* [EXTRACTED ENTRIES]:
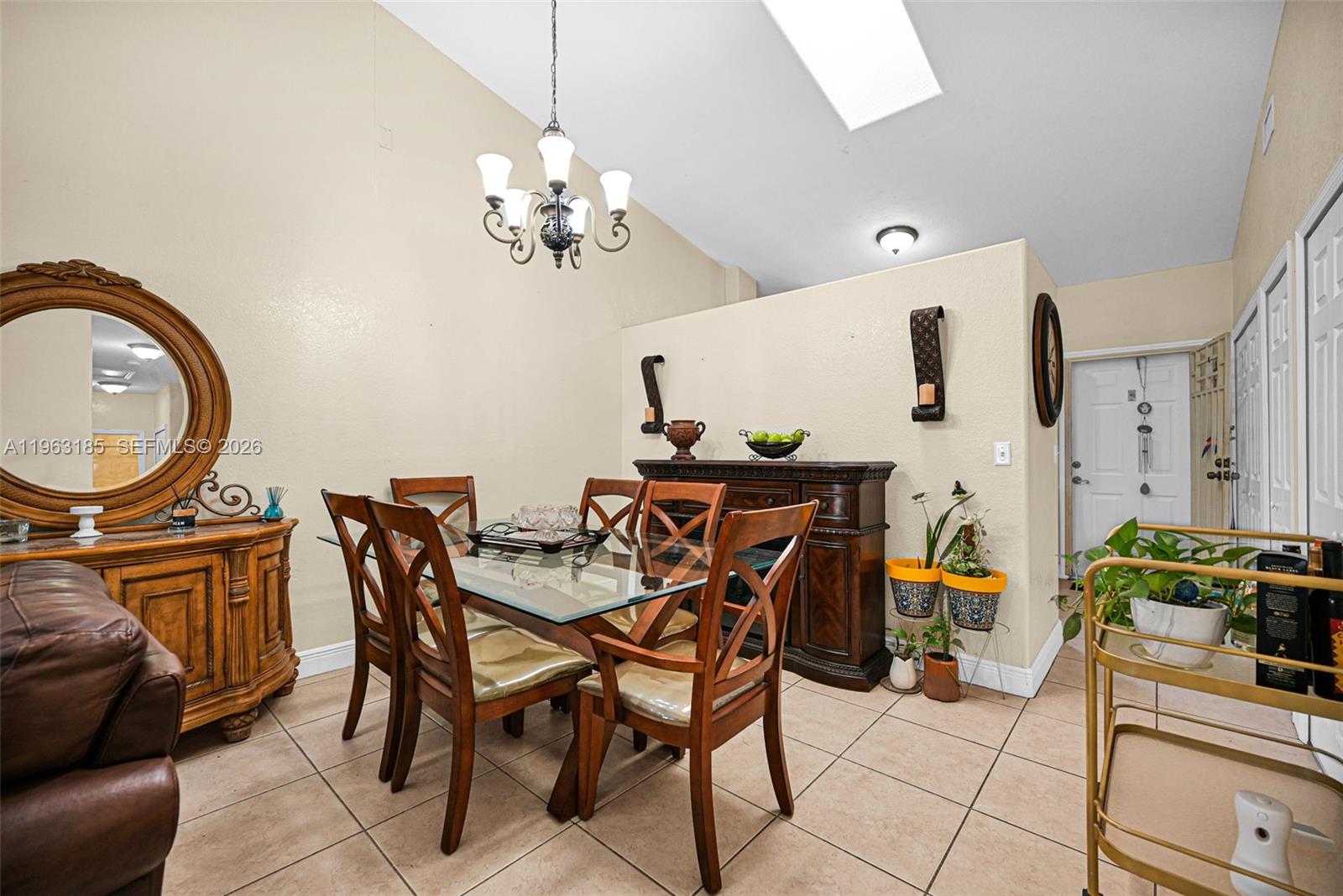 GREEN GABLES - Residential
* * *
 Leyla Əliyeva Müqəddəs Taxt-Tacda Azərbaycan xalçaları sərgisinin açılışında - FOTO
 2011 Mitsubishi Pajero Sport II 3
...
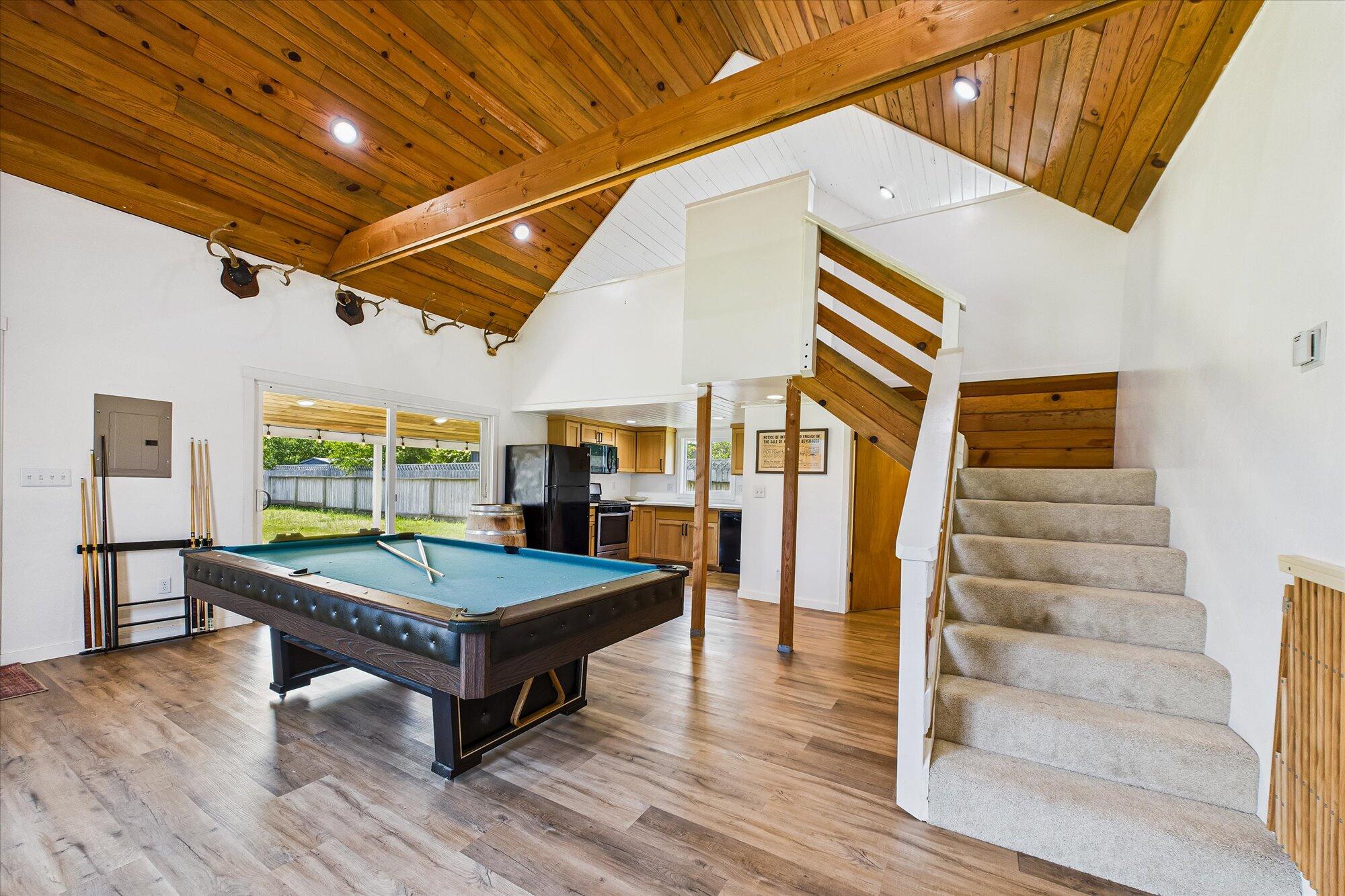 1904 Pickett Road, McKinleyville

* [WORK TO BE COMPLETED]: Given the records above, reproduce precisely and only the lines between the line holding "Leyla Əliyeva Müqəddəs" and the line holding "2011 Mitsubishi Pajero Sport II 3", inclusive.

* [YOUR SOLUTION]:
 Leyla Əliyeva Müqəddəs Taxt-Tacda Azərbaycan xalçaları sərgisinin açılışında - FOTO
 2011 Mitsubishi Pajero Sport II 3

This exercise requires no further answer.